== Exercise instructions ==
Every line of the listing should be retyped exactly, but none of the pictures should be.

─── Data for processing

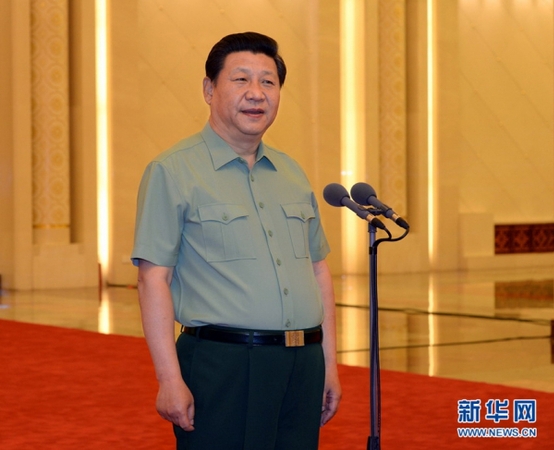 習近平:全面實施軍改戰(zhàn)略 重新調整劃設戰(zhàn)區(qū)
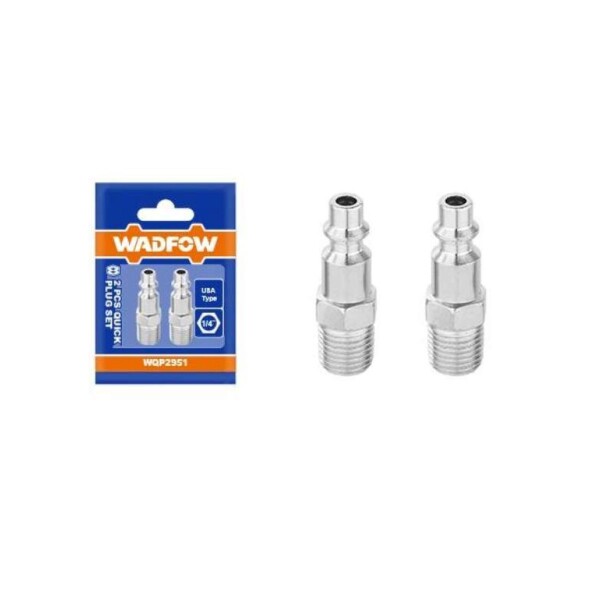 SET X2 ACOPLES 1/4" USA TYPE WADFOW MACHO Set X2 Acoples 1/4" Usa Type Wadfow Macho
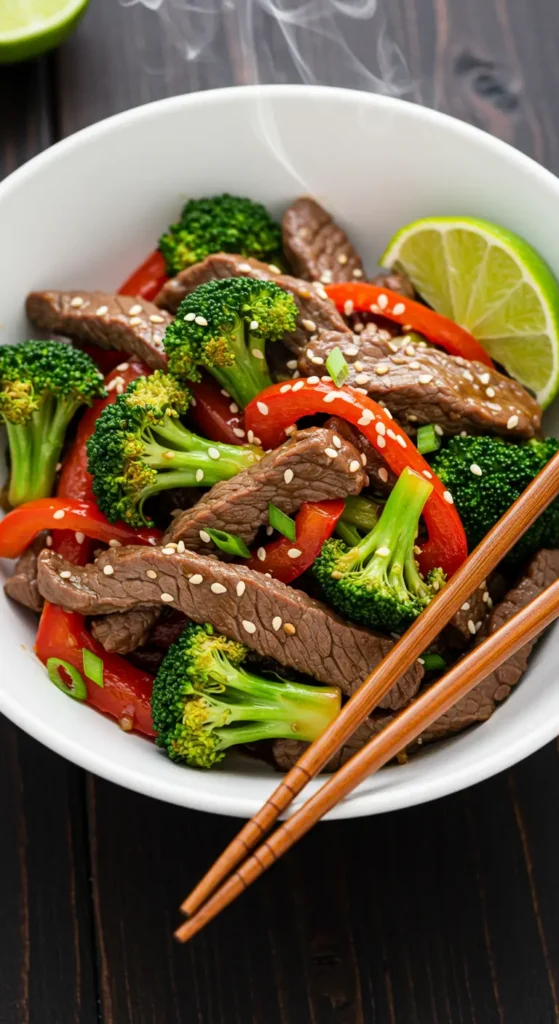 Recipe #6: Thai-Style Beef and Broccoli Stir Fry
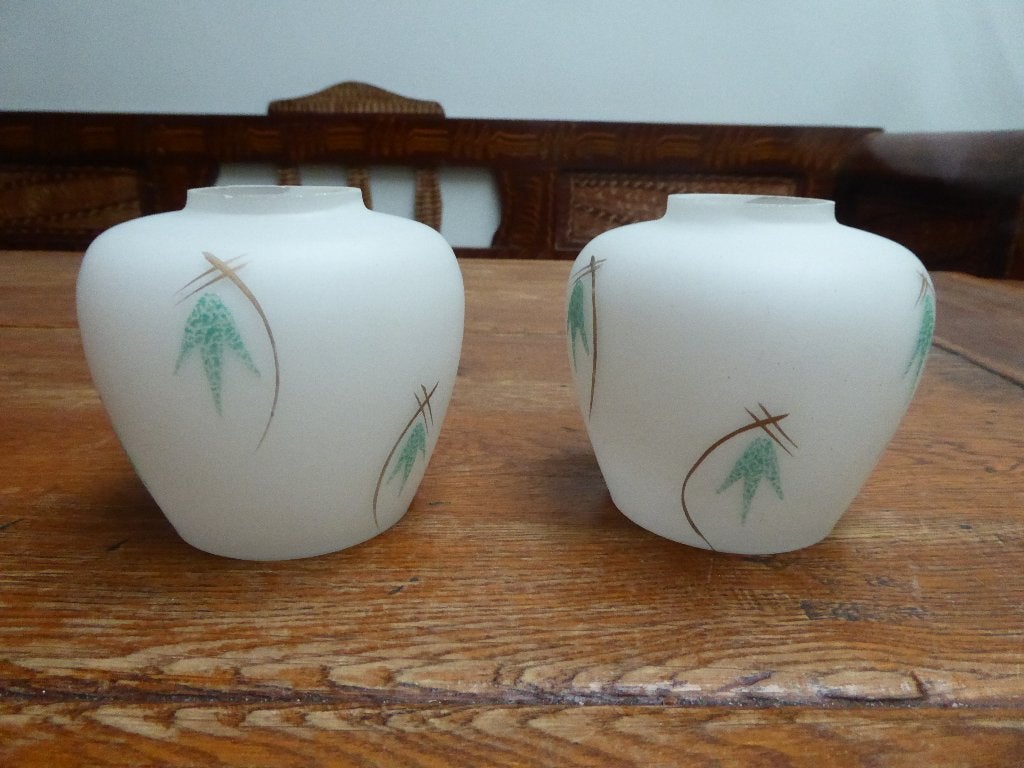 2 vintage opaline lampenkapjes, Ophalen of Verzenden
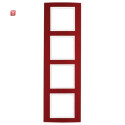 BER10143022 / Rahmen 4fach B.3 Alu, rot/polarweiß /...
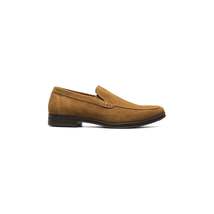 Men's Stacy Adams Pelton Moc Toe Slip On Work Shoes Tan Suede 25601-244 image 2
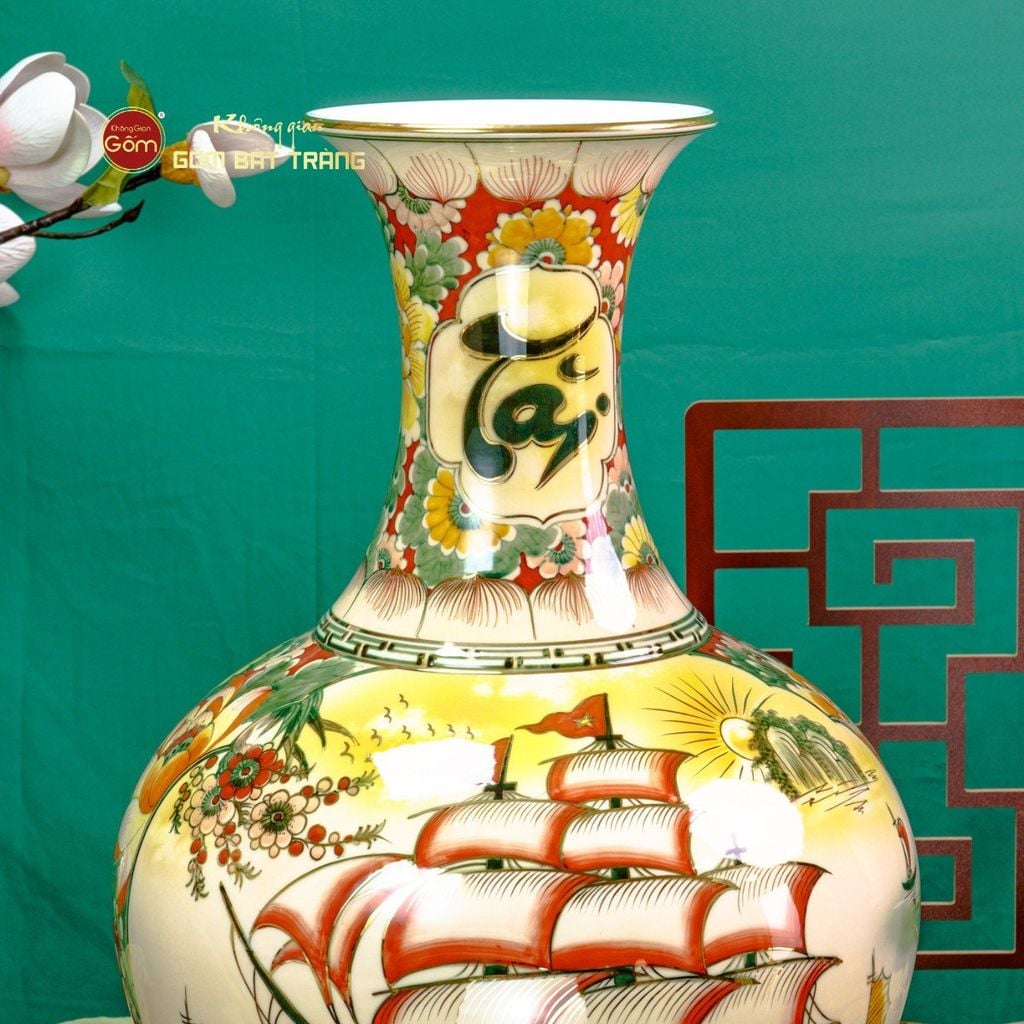 Tỏi Bình Tài Lộc Thuận Buồm Xuôi Gió Mã Đáo Thành Công Kim Bảo Vẽ Vàng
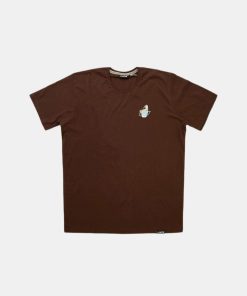 Mand Lakor T-Shirts | Mini Seagull In A Cup Tee Chicory Coffee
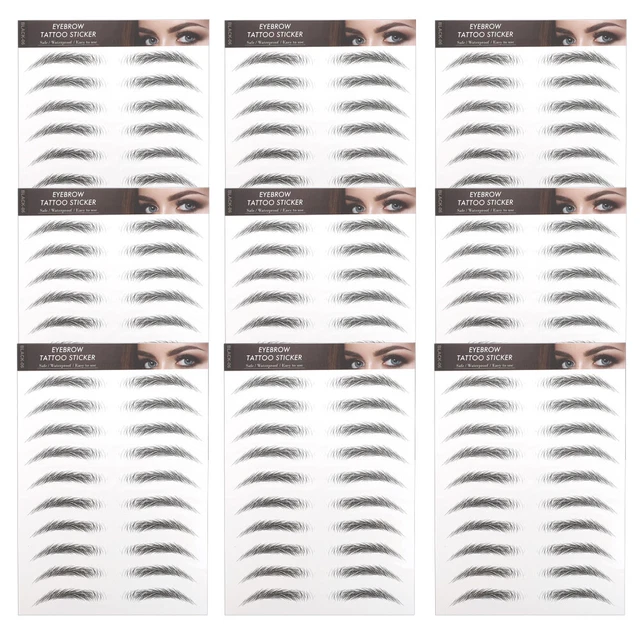 10 pegatinas de cejas ecológicas imitación de cejas 4d pegatinas impermeables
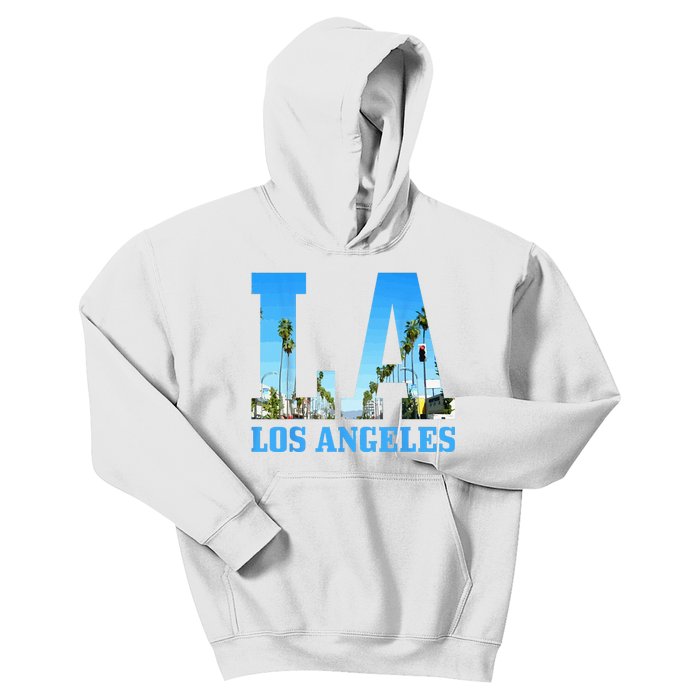 Los Angeles LA Vintage California LA Kids Hoodie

──────

== Solution for this exercise ==
 習近平:全面實施軍改戰(zhàn)略 重新調整劃設戰(zhàn)區(qū)
 SET X2 ACOPLES 1/4" USA TYPE WADFOW MACHO Set X2 Acoples 1/4" Usa Type Wadfow Macho
 Recipe #6: Thai-Style Beef and Broccoli Stir Fry
 2 vintage opaline lampenkapjes, Ophalen of Verzenden
 BER10143022 / Rahmen 4fach B.3 Alu, rot/polarweiß /...
 Men's Stacy Adams Pelton Moc Toe Slip On Work Shoes Tan Suede 25601-244 image 2
 Tỏi Bình Tài Lộc Thuận Buồm Xuôi Gió Mã Đáo Thành Công Kim Bảo Vẽ Vàng
 Mand Lakor T-Shirts | Mini Seagull In A Cup Tee Chicory Coffee
 10 pegatinas de cejas ecológicas imitación de cejas 4d pegatinas impermeables
 Los Angeles LA Vintage California LA Kids Hoodie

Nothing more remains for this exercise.